The Texas angler has cranked his way to several high-profile wins and shares some light on the different baits he uses and the situations where they excel.
Cranking Pressured Fish
When fishing bodies of water with excessive fishing pressure, many anglers reach for a spinning rod and go with a finesse approach. Combs, on the other hand, often go to the extreme opposite.
“A lot of times, the first thing that comes to a fisherman’s mind is to grab a dropshot or something, but more times than not it is about showing them something different. If everyone else is fishing the same styles of baits, something like a Strike King 10XD will grab the attention of a fish,” says Combs.
He referenced a trip to Lake Fork, Texas after a nearly 1,100-boat field had fished the lake for a week. The best lure choice while fishing after that mayhem was a 10XD.

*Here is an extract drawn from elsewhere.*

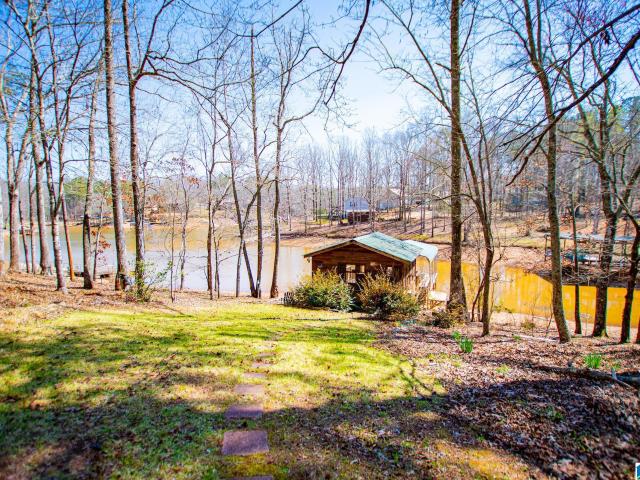 House for sale in Wedowee, Alabama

When fishing around submerged brush piles, the buoyancy of a crankbait can be the difference between losing several baits or having the trip of a lifetime. One of the best baits Combs has found for this situation is the Strike King 8XD.
“Because it is so buoyant, it is great for cranking around brush. You can see this when you stop reeling, and see how quickly it comes to the surface,” he says. “That is a big plus when you are fishing around brush.”
Combs also appreciates this bait because of how far it can cast and the fact that he can use bigger treble hooks compared to smaller baits.
“The 8XD filled a good void for me even though it doesn’t run much deeper than the 6XD. It is an 18- to 20-foot diver, but since it is heavier you can cast it much further,” he says. “Since it is a bulkier bait you can use a bigger treble. I upsize from a #2 to a #1 treble, and that definitely helps you land more fish.”
Deep Cranking Shallow Water
Just because a lure will dive to ultra-deep depths doesn’t mean that is the only place to use them.
Combs will often use a 10XD (a 25-foot diver) in 10- to 15-feet of water.
“On a pretty standard cast with 15-pound line, I can easily crank it 25- to 28-feet deep, and the good thing is it stays at that depth for a long time. But, it shouldn’t only be categorized as an ultra-deep diver,” begins Combs.
The bait has a huge profile, and Combs feels that this appeals to big fish, no matter how deep they are.
“Besides just the size, it has one of the most aggressive actions of all the crankbaits on the market and is great when you are around big fish and it is hitting hard into the bottom. I have always felt that that aggressive action is one of the best ways to trigger a big bass,” says the Texas pro.
Fishing a bait like this in shallow water only maximizes the hard drive into the bottom and creates plenty of deflections which in turn appeal to larger bass.
“I always leave one tied on whether I am fishing 10-feet or 25-feet deep,” adds Combs.
Not only are diving crankbaits getting bigger and bigger, but so are square bills. This style of bait is known for shallow cranking, but the Strike King 4.0 and 8.0 will dive much deeper. (See 4.0 in below video with Cody Meyer)
“You can get the 8.0 down to around 12-feet deep and the 4.0 will hit the six to nine-feet range,” shares Combs. This diving depth opens up a whole new world for shallow cranking.
“Just about everyone has a few 1.5 and 2.5s in their box and the fish see them all of the time. The 4.0 filled another void for me, and it goes through cover extremely well,” he says.
Combs uses the 4.0 in many situations but says it shines in cold weather.
“It has been a good producer for me in the winter because I can finesse it through the grass in places where you would throw a lipless crankbait,” shares Combs. “It is also really buoyant so you can feel when it gets bogged down and make a quick snap of the rod to free the grass. That is where you are going to get a lot of your bites.”
Deep Cranking Gear
For these magnum baits, heavier gear is required, and for the most part, Combs primarily uses the same setup for all of these big cranks.
“I use a 7’ medium Shimano Curado cranking rod (CDCC70M) and 6.2:1 Curado K reel. I use 15-pound Seaguar InvizX across the board for these baits,” he says.
One of the foremost experts on cranking, Keith Combs uses them everywhere he goes. Beyond just deep structure, deep diving crankbaits will produce for you under a variety of circumstances.